• _What is needed_
Print the line containing "Nouveau ensemble de" and all lines after it, unchanged, through the end of the data. Leave the pictures out.

---------- Entries provided

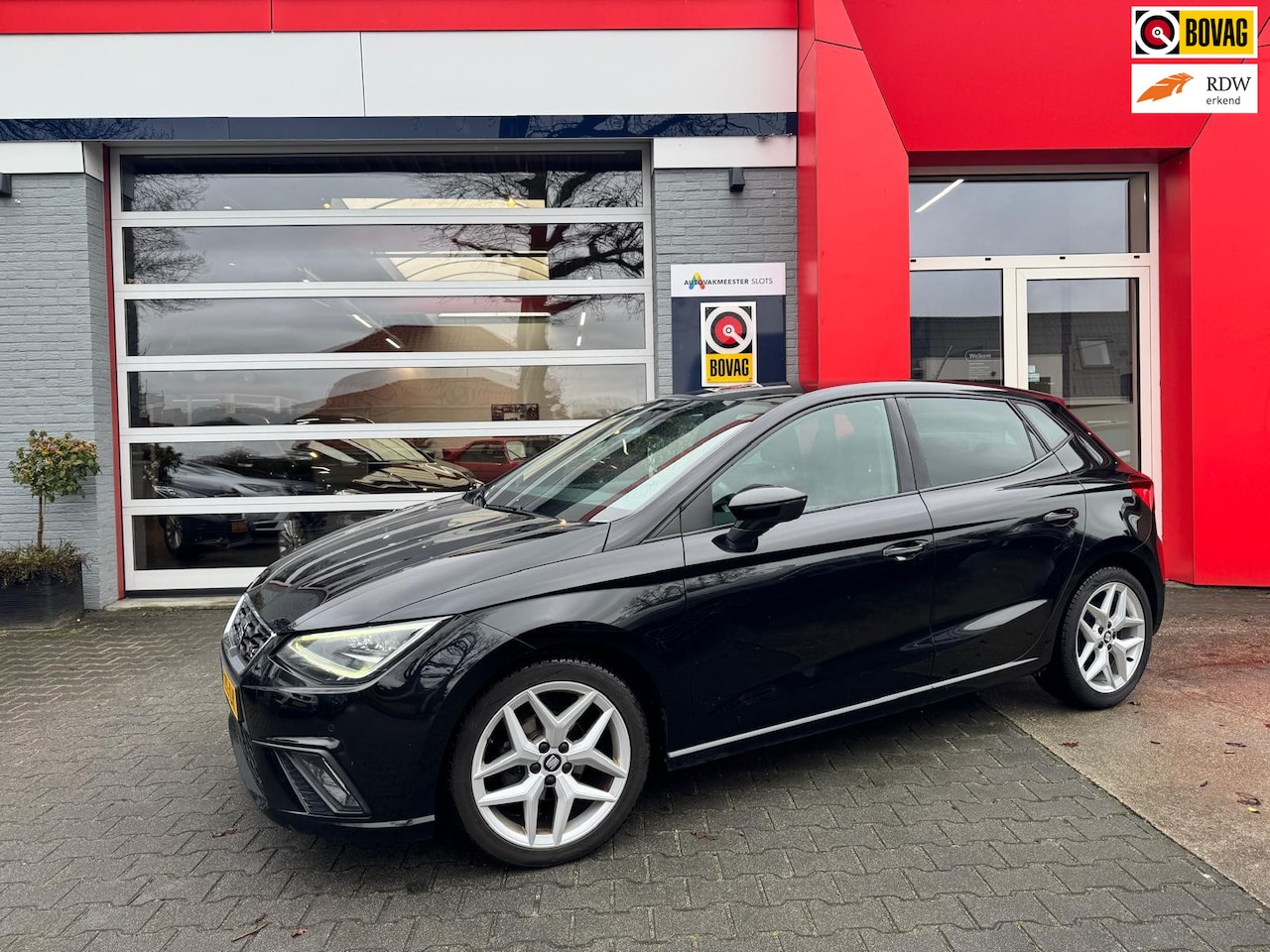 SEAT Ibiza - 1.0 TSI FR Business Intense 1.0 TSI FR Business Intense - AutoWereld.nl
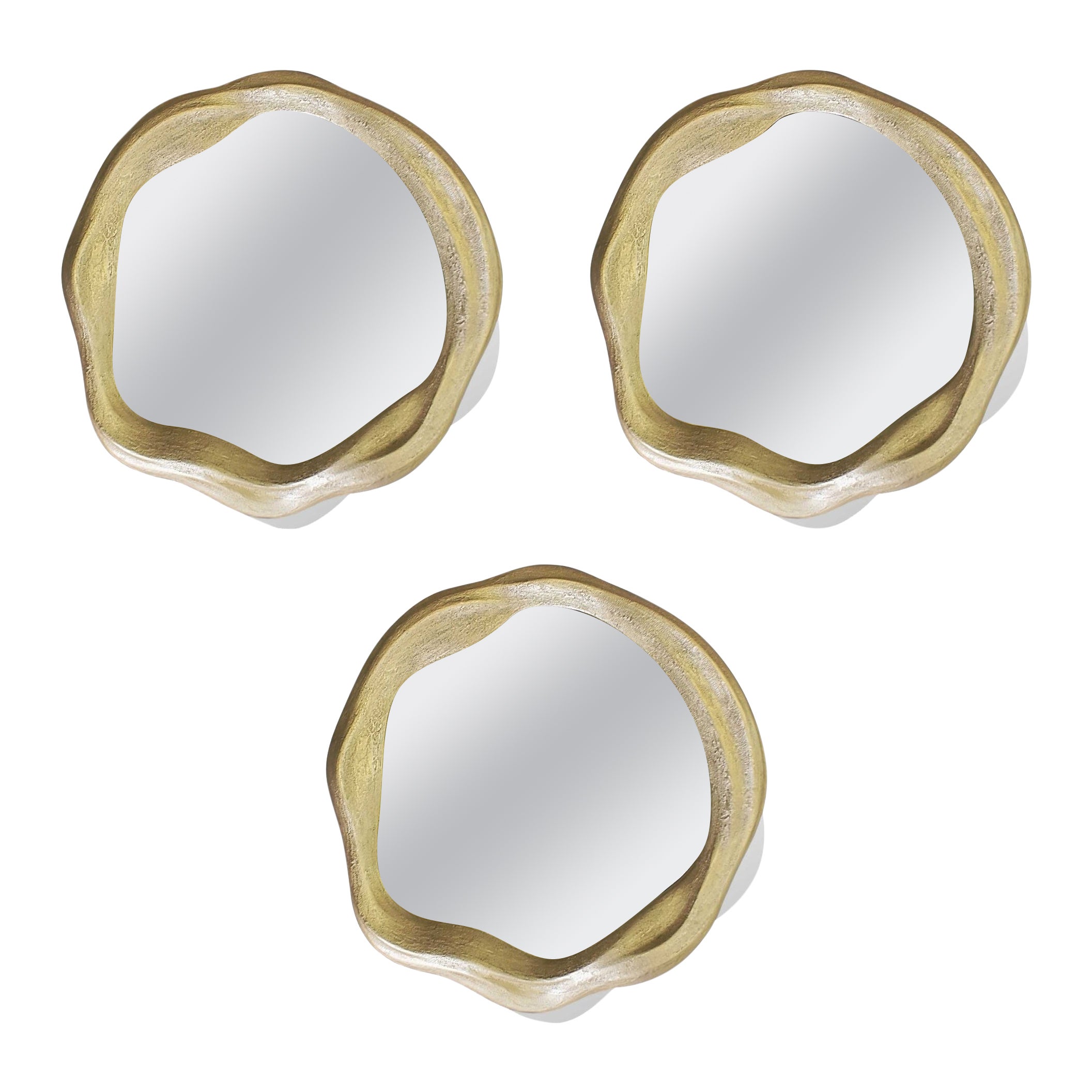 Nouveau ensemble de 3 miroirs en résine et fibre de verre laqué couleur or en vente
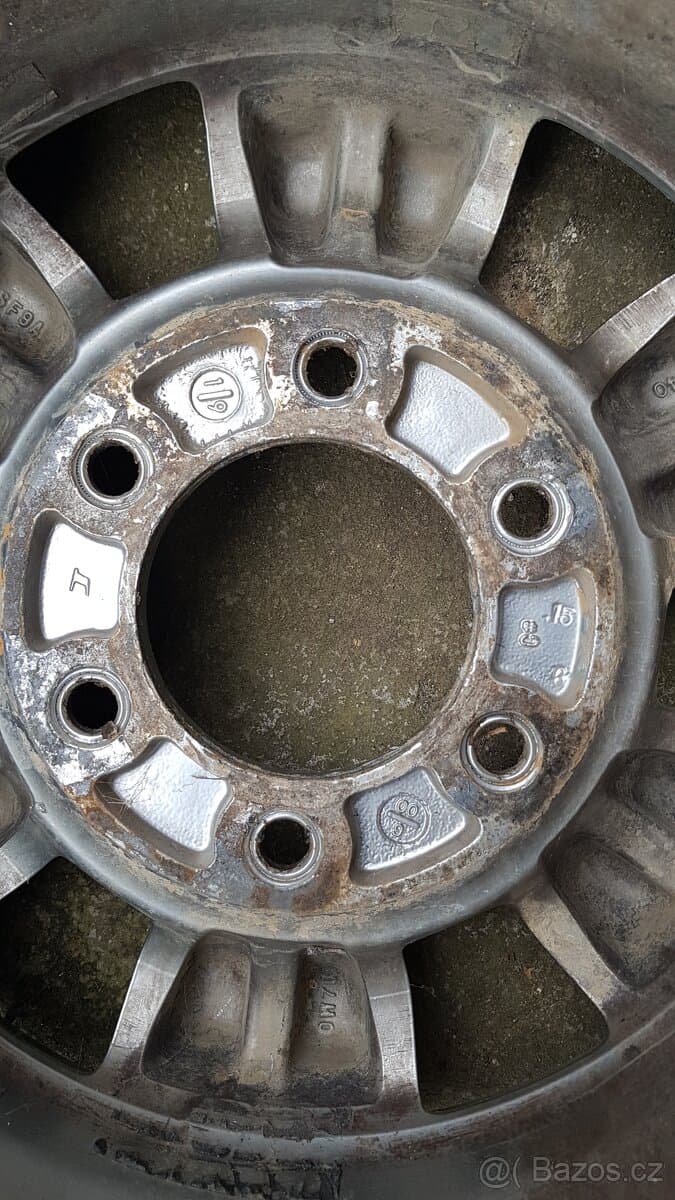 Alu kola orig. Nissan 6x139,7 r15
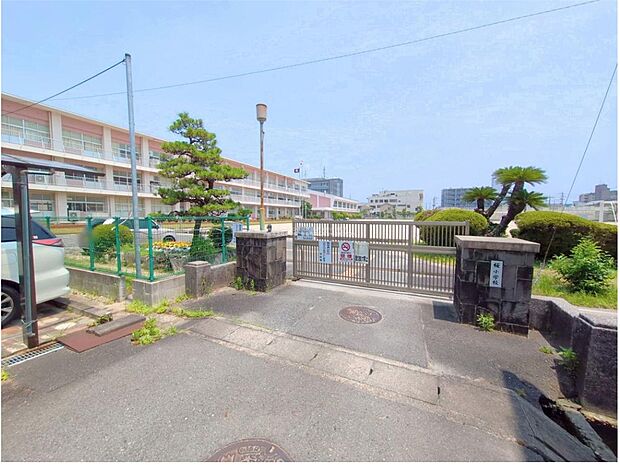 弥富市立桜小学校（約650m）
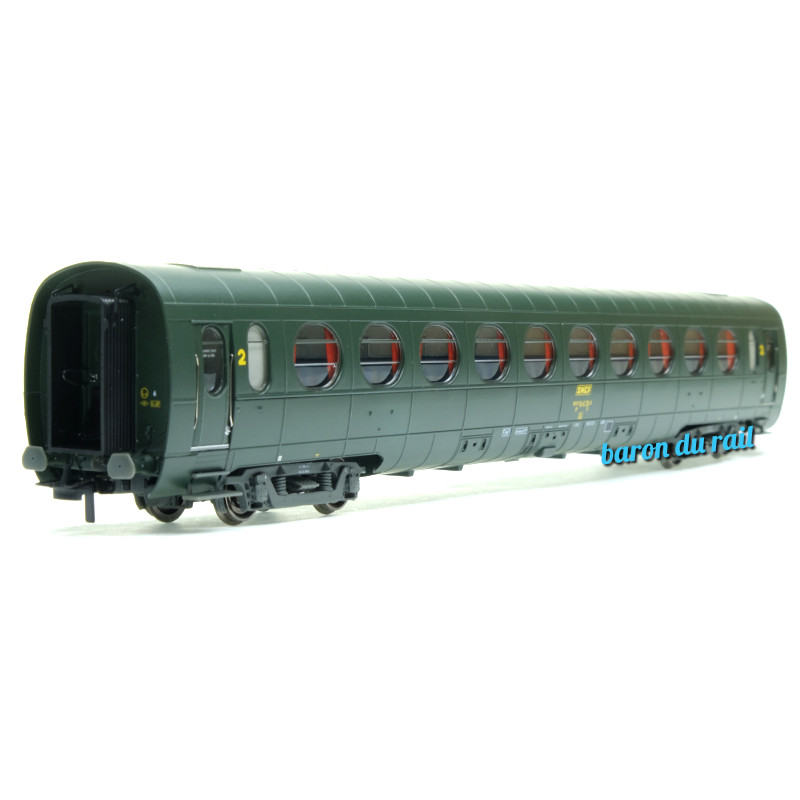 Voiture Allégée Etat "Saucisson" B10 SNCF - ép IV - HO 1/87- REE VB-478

--------------------

• _Solution to this problem_
 Nouveau ensemble de 3 miroirs en résine et fibre de verre laqué couleur or en vente
 Alu kola orig. Nissan 6x139,7 r15
 弥富市立桜小学校（約650m）
 Voiture Allégée Etat "Saucisson" B10 SNCF - ép IV - HO 1/87- REE VB-478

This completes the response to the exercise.